University of Toronto Anthropology 2022 Colloquium Series: Dr. Lisa Maher
Fri, Feb 4, 2022 2:00 PM - 4:00 PM Eastern Standard Time (UTC-5)
Join us Feb 4th for our second event in the 2022 Colloquium Series! Zoom link available upon registration.
About this event
The past several years has produced convincing evidence for Epipaleolithic (or earlier) occupations of some Mediterranean islands. Yet, conventional wisdom was that most islands were only occupied during the Neolithic or later, and were peripheral to regional cultural developments during prehistory. Cyprus has strong evidence for an Epipaleolithic presence, beginning with the occupation of Akrotiri Aetokremnos at ca. 12,000 B.P., and perhaps earlier, bringing it into the forefront of research on Late Epipalaeolithic hunter-gatherer and Early Neolithic movements and colonization, as well as their associated technological innovations and impacts on shaping newly settled landscapes. Evidence for Epipalaeolithic occupation of Cyprus remains limited, however, with only a handful of sites known and only one chronometrically dated. Here, I highlight discoveries from 2018 and 2019 survey seasons by the Ancient Seafaring Explorers of Cyprus Project (ASEC), which documented several probable Epipaleolithic sites. While the sites are located in a variety of settings, the most promising are situated above cliffs or rockshelters overlooking the Mediterranean. These hunter-gatherers had knowledgeable and nuanced uses of landscapes, as well as technological innovations that allowed them to leave the mainland and explore new regions across the Mediterranean Sea. Through examination of these sites within a larger circum-Mediterranean framework, I address the associated social contexts for innovations that allowed for pre-Neolithic seafaring, exploration and survival in new environments.

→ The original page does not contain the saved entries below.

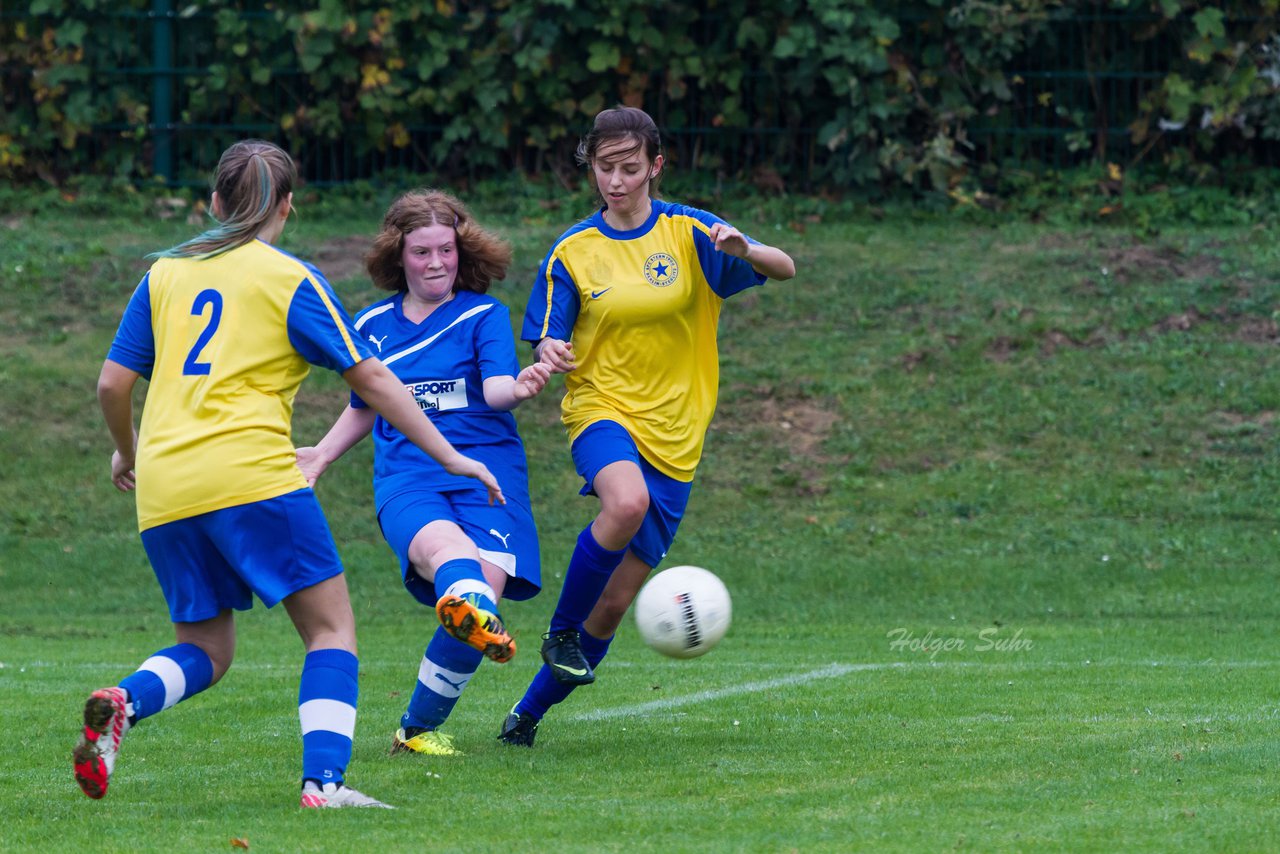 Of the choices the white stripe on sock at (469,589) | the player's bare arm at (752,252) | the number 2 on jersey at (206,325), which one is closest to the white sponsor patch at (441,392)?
the white stripe on sock at (469,589)

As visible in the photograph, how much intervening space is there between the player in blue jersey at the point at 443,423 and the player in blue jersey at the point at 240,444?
838mm

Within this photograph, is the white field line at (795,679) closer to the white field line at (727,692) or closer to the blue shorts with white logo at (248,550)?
the white field line at (727,692)

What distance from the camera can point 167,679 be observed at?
464cm

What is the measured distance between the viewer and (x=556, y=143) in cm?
1562

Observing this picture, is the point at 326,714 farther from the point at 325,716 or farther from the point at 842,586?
the point at 842,586

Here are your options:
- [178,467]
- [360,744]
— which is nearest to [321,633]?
[178,467]

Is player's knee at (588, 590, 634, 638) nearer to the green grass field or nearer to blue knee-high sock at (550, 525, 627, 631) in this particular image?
blue knee-high sock at (550, 525, 627, 631)

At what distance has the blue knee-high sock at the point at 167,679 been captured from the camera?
4.57 meters

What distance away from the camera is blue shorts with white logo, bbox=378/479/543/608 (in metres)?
5.61

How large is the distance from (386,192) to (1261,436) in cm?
810

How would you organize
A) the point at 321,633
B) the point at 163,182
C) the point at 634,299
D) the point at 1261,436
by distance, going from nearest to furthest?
the point at 321,633 → the point at 634,299 → the point at 1261,436 → the point at 163,182

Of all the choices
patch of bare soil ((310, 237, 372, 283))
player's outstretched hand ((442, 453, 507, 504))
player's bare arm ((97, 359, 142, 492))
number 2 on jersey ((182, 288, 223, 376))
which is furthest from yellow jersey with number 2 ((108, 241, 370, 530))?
patch of bare soil ((310, 237, 372, 283))

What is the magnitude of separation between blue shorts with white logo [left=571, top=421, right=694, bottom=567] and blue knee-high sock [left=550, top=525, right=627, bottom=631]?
0.12 m

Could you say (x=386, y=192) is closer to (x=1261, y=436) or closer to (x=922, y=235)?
(x=922, y=235)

I am a prehistoric archaeologist and geoarchaeologist specializing in the prehistory of Southwest Asia. I finished my PhD at the University of Toronto, where I experienced fieldwork in Jordan for the first time and was hooked. After a post-doc and research position at the University of Cambridge, I joined the Anthropology Department at Berkeley as an environmental archaeologist. I am interested in exploring the complex relationships between people and the environment, including the creation and transformation of landscapes. I have been running archaeological projects in Jordan for over twenty years, and I have also worked as a geoarchaeologist in many other countries throughout the world. Recently, I’ve broadened my horizons to explore island archaeology and the arrival of humans in Cyprus and Hawaii.